The Decoy
POV: dalinar
Summary
Four hours after the chasmfiend kill, Adolin walks the wreckage on the viewing plateau gathering casualty reports — nearly fifty dead and a hundred wounded among unarmed scribes and attendants. Dalinar, whom the other lighteyes are no longer mocking, stands at the eastern edge watching the lights of the chasmfiend-watchtowers wink across the Plains, thinking on the six-year siege. His original plan had been to starve the Parshendi against the impassable eastern spires; he had not anticipated the gemhearts, which turned the war into a competitive sport. The original goal — vengeance for Gavilar — has been nearly forgotten.

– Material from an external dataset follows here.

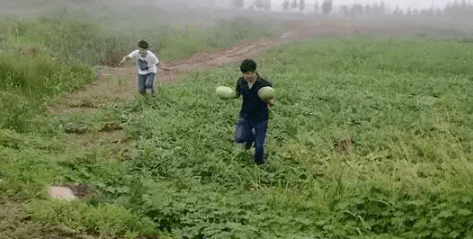 西瓜什么时候成熟，西瓜几月份成熟上市图1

The whispered phrase Unite them and the visions cycle through his head.
In the pavilion Sadeas needles him in front of the king over Sadeas's three recent gemheart wins and over his own bridge crews: at first he tried armor and shields, but the Parshendi ignored the bridgemen and shot his soldiers, so he made the bridges light and the bridgemen expendable and the Parshendi can no longer stop firing at them. "The prize is worth any cost." Dalinar disagrees flatly: this is a war, not a contest. The means by which we win are as important as the victory itself. The Alethi in the pavilion are visibly shocked at the un-Alethi line.
Underneath it all, Gavilar's dying request — find the most important words a man can say — runs through Dalinar's head as a quote from The Way of Kings. He has been quietly listening to readings from the ancient book almost daily — it was used by the Lost Radiants as a guide but was written by the ordinary man Nohadon; among other passages it tells of a king who climbed down from his carriage to help a man carry a stone, and argues that a leader should serve those he leads. He keeps the interest quiet because the book is associated with heresy.
Elhokar catches him on the way out and asks about the girth. The torn saddle strap — the one that threw the king at the start of the hunt — has a smoother edge along one side. The Kholins are not leatherworkers, but it could have been cut. The king is sure of it: someone is trying to kill him, perhaps someone on this very hunt. Dalinar hands the strap to Adolin to take to experts, urges his nephew not to leap to conclusions, and notes a flicker of suspicion in the king's eyes that lands on the Kholin men themselves. The replacement bridge crew arrives — one of Sadeas's, full of human refuse — and bears the army home. Dalinar climbs onto the bridge nodding his thanks, and remembers another passage from the book: the bridgemen are the lowest in the army, yet they bear the weight of kings.